Through the line with "Carénages Moto Yamaha" and starting from the first line, return the records below word for word, with pictures left out.

[Short web captions]

####

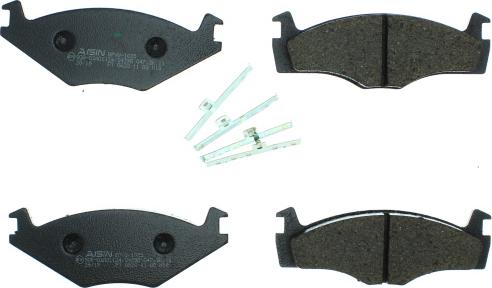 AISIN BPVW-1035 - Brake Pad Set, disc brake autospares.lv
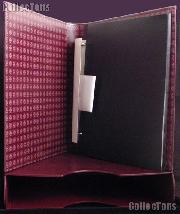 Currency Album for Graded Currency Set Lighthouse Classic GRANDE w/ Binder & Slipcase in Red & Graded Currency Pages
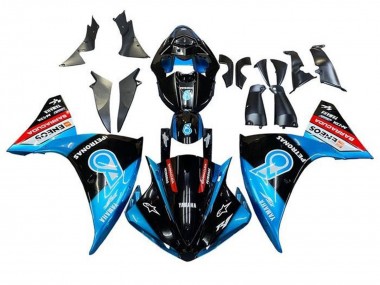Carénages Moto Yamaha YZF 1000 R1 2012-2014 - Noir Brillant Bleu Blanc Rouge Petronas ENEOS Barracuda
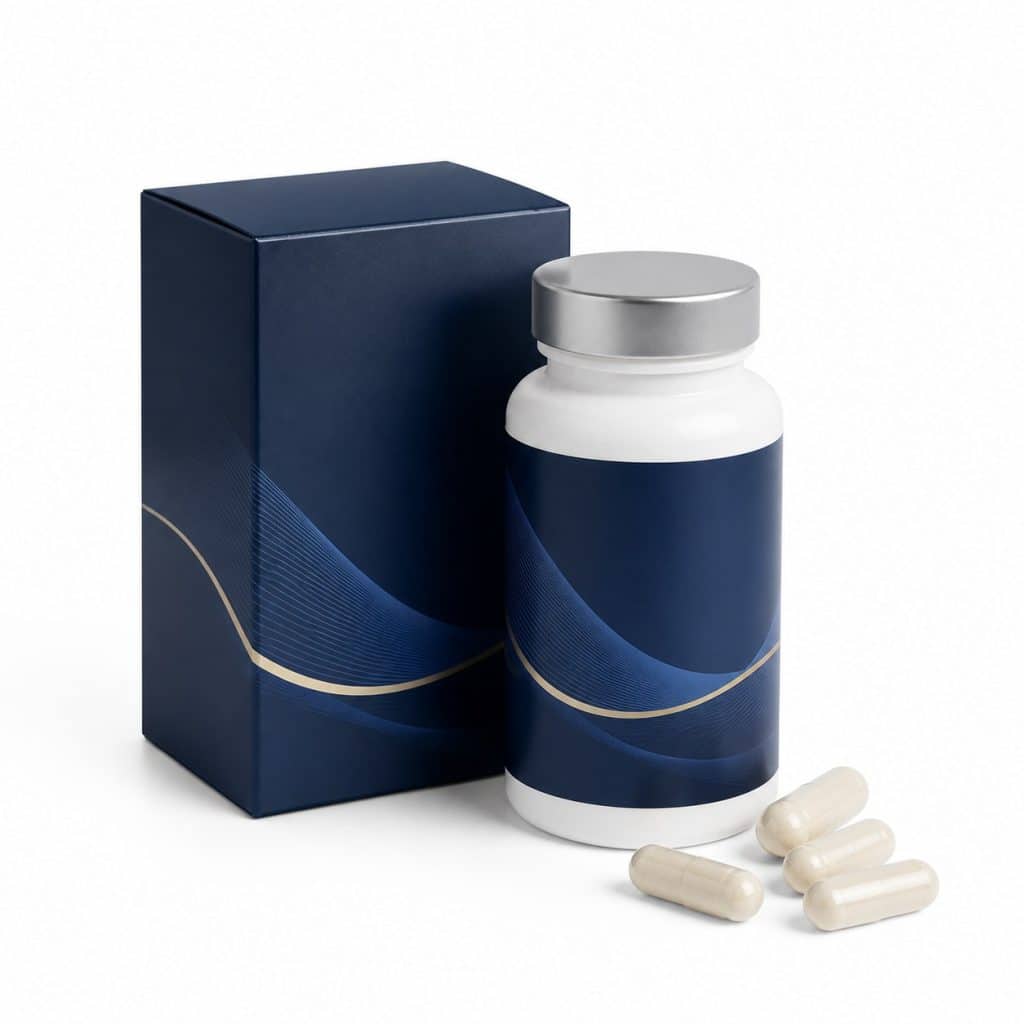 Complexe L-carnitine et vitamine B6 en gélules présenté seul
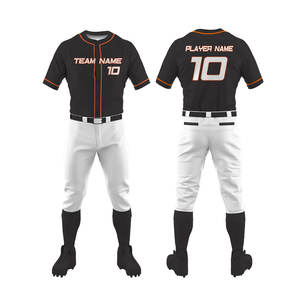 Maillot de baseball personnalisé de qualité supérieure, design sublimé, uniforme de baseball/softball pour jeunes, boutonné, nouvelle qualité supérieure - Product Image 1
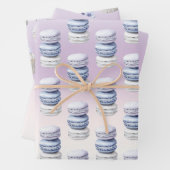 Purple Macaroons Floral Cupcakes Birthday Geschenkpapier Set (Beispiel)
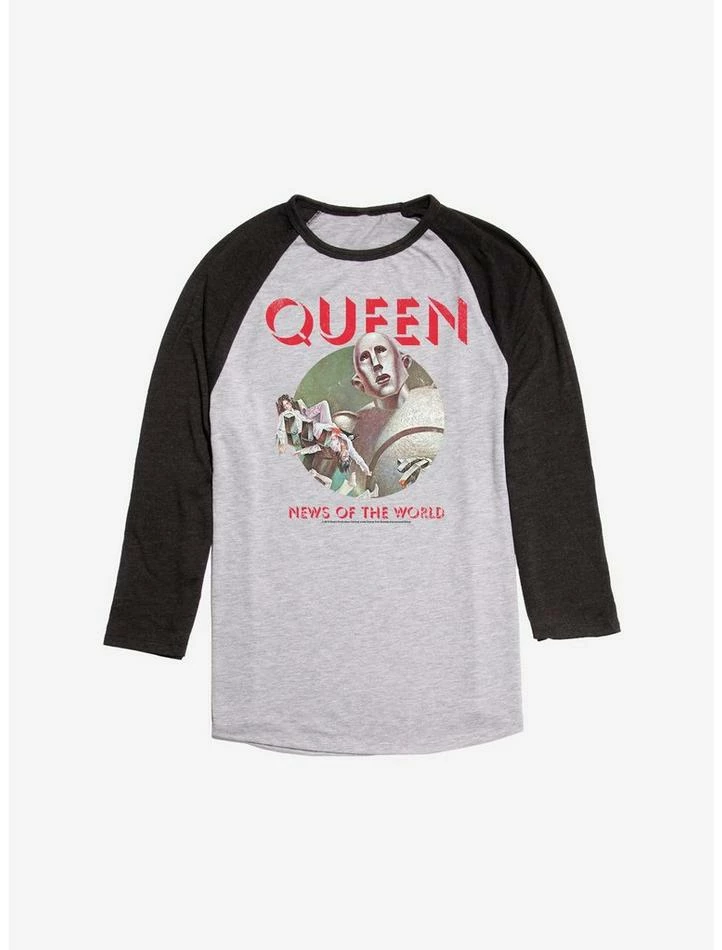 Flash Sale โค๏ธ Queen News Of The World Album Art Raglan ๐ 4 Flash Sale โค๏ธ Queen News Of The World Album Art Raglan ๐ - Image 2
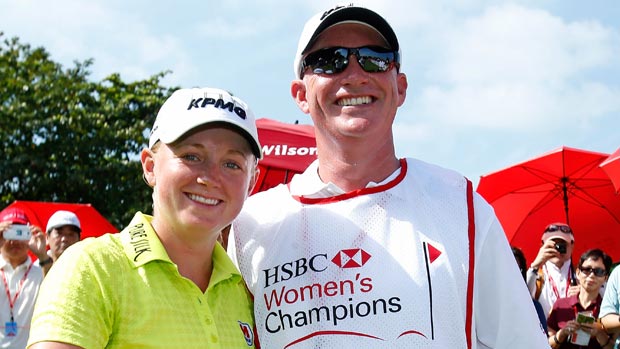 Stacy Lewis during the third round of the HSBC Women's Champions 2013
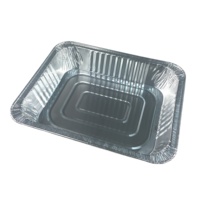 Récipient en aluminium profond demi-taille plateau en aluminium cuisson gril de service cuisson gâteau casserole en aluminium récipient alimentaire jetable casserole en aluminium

####

FINISHED EXERCISE
 AISIN BPVW-1035 - Brake Pad Set, disc brake autospares.lv
 Currency Album for Graded Currency Set Lighthouse Classic GRANDE w/ Binder & Slipcase in Red & Graded Currency Pages
Carénages Moto Yamaha YZF 1000 R1 2012-2014 - Noir Brillant Bleu Blanc Rouge Petronas ENEOS Barracuda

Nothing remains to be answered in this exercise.